The recipes aren't lost; it's just no one knows where to get the ingredients.

After everything was up and running, I was pleasantly surprised to find https://trash-guides.info/ for the optimizations of each of these pieces of software.

When I started using Sonarr/Radarr, I noticed that it didn't grab the releases that I actually wanted, as I'm a bit picky about which releases and what quality I prefer. So I decided to fine tune it to try to get the releases & quality I preferred. On Discord, I also noticed that others run in to the same issue so I explained them how I managed to get it solved. Being that I had to explain it often, I decided to write it down and make it public so I could easily link it to someone when they needed it. After a while I also decided to create guides for frequently asked questions, and started to collect all kind of information gathered from various sources. I try to make my guides as easy as possible for everyone to understand, in my opinion pictures explain often more than just some text.

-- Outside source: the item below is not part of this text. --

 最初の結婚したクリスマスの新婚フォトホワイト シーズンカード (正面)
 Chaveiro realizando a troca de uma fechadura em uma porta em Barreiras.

It laid out every setting reason and definitive answers/recommendations for every use case... not just depending on the use case. It is a vast, comprehensive, well-organized knowledge base. Look at this flowchart below that he created. I am in one of the minority whose answer permutations arrive at the All HDR Formats + DV (WEBDL) with a score of -10000 + HDR10+ Boost CF with a score of +901 result in the bottom left because I have a Samsung OLED (which doesn't support Dolby Vision), and a full SONOS 7.1 set-up. In fact, I ditched my Apple TV 4K and got an NVIDIA Shield Pro because I didn't realize that ATV doesn't pass HD audio.

How long would this shit have taken on a Reddit post? Or on a Discord server chatting with users of various IQs and experience? It's truly a beautiful collection of expert knowledge. Insights as to why you would might do something one way or another. Warnings about combining different settings... I sent him $60 as a thank you. I would have sent more, but Sotiris got to me first.

There is more content today, but not more value. It always ends up being one person driving something that lasts. Creating something valuable out of an insane want or need, and keeping at it even when it seems like there is no point. It is a thankless job, for sure, but one that others won't really see the value in until they do. I think that's helpful to remember.